First, let's agree that you won't have to look too hard to find a regulation that's merely proof that some self-important bureaucrat had to justify her/his salary. But the dirty little secret that's swept under the rug is that many, many regulations were more or less bought and paid for by established business interests. Mainly to raise the barrier to entry for the upstarts who might otherwise force them to adapt. Or to limit the choices of the consumers who might demand changes. One need look no further than the Big Three fighting CAFE standards in the interest of higher profit margins on SUVs, as if peak oil and over-extended consumer credit would never come home to roost.

Similarly, folks in business resist adaptation by dint of buying smaller competitors and destroying their value through the process of assimilation. Or by "partnering" solely with companies of equivalent weight and treating smaller vendors as interchangeable commodities. The whole point of being in business is to find--as in actively seek--ways to manage risk to maximize returns. Yet so many so-called defenders of the free market treat their niches as sinecures. (Not unlike claiming to live by the law of the jungle while shooting tigers from elephant-back.)

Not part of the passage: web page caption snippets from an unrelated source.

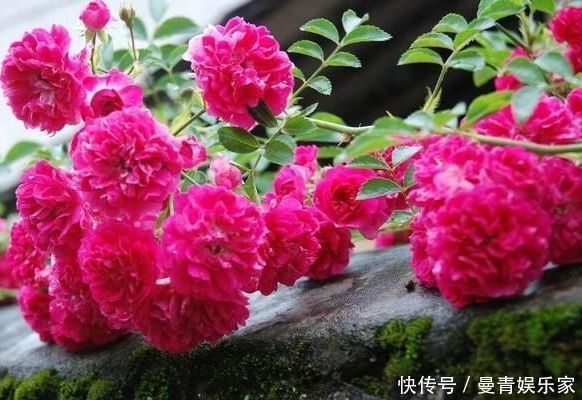 花香|最美4种藤本月季,个个都“惊艳”,年年花开上百朵,你最爱哪种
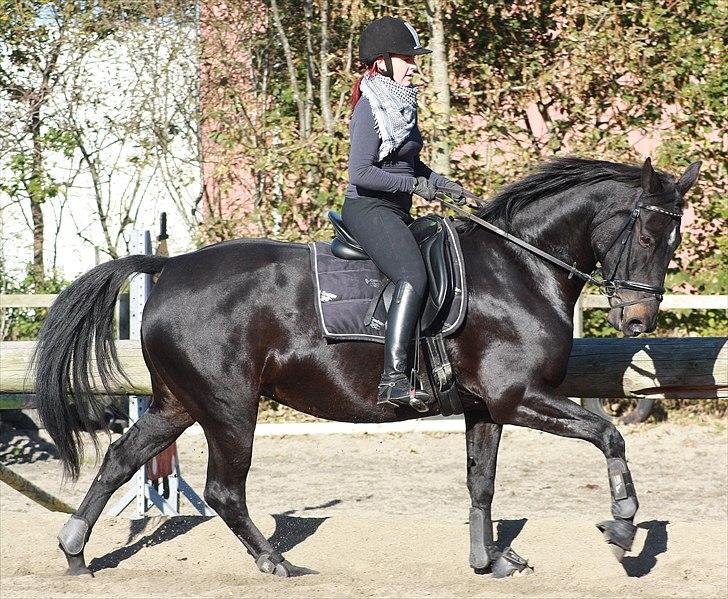 Oldenborg Maybe  billede 5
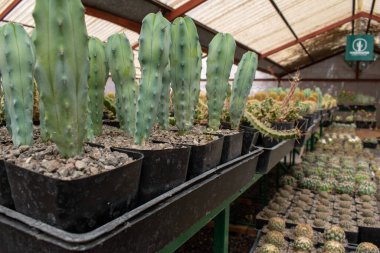 Ajijic, Jalisco yakınlarındaki kaktüs kreşindeki bir serada büyüyen plastik kaplarda yetişen genç kaktüslerin koleksiyonu.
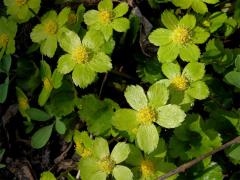 Hvězdnatec zubatý (čemeřicový) (Hacquietia epipactis Scop.) DC.)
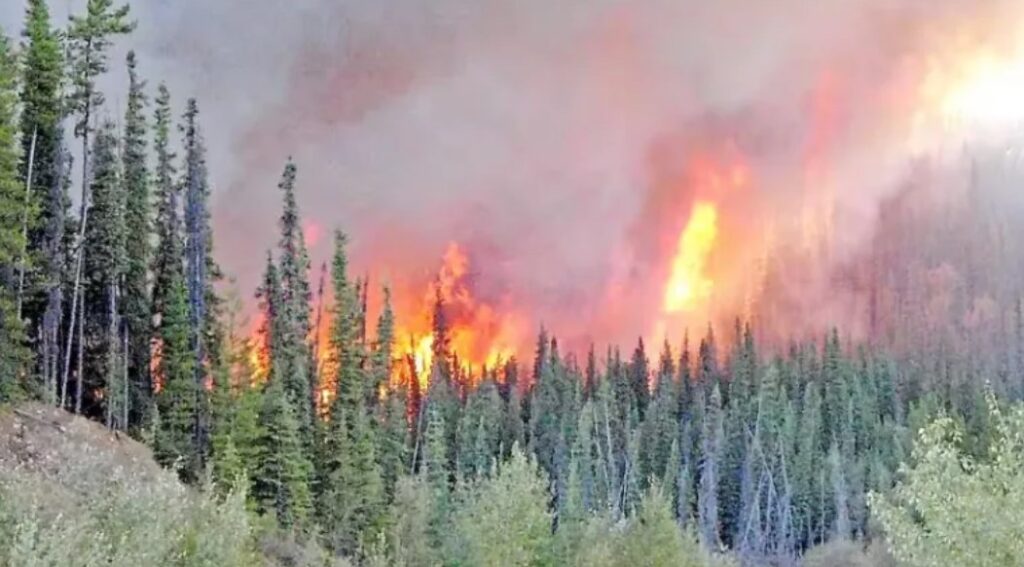 「政府が森林火災を起こしている」と主張した気候変動否定の陰謀論者が14件の放火で罪を認める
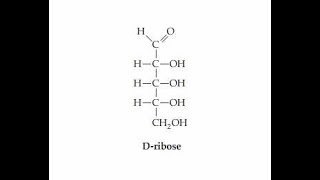 Number of Chiral centers and Stereoisomers Derieved from Dribose [upl. by Adnohsed206]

The way I see it, the second you stop paying attention--and I mean really paying attention--to what's going on in your niche of the ecosystem because you assume that you can control it, you've lost the right to call yourself a free market capitalist.

And, moreover, paying attention also entails a certain amount of active cultivation, even when it doesn't yield dividends in the short term. Some basic illustrations:

  • The contract you toss--with crossed fingers--to the startup of today could be the difference between it going under...or becoming your own customer down the road.
  • The budget that allows an employee to squeak in a college class means that the process of solving your problems has fresh information to work with.
  • The schedule jiggling you have to do to allow key people to rub elbows with their peers at a conference gives you a chance to put your finger on the proverbial pulse.
  • The intern you find time to train could be employee who hits the ground running straight out of school.
The bottom line is that none of us operate in a vacuum, any more than creatures in nature. And I can't help but think that if more people actively cultivated their niches (rather than drilling, clear-cutting and strip-mining everything from them with a covetous eye on their neighbor's niche all the while), we wouldn't be talking about the Recession of 2009, much less of 2010.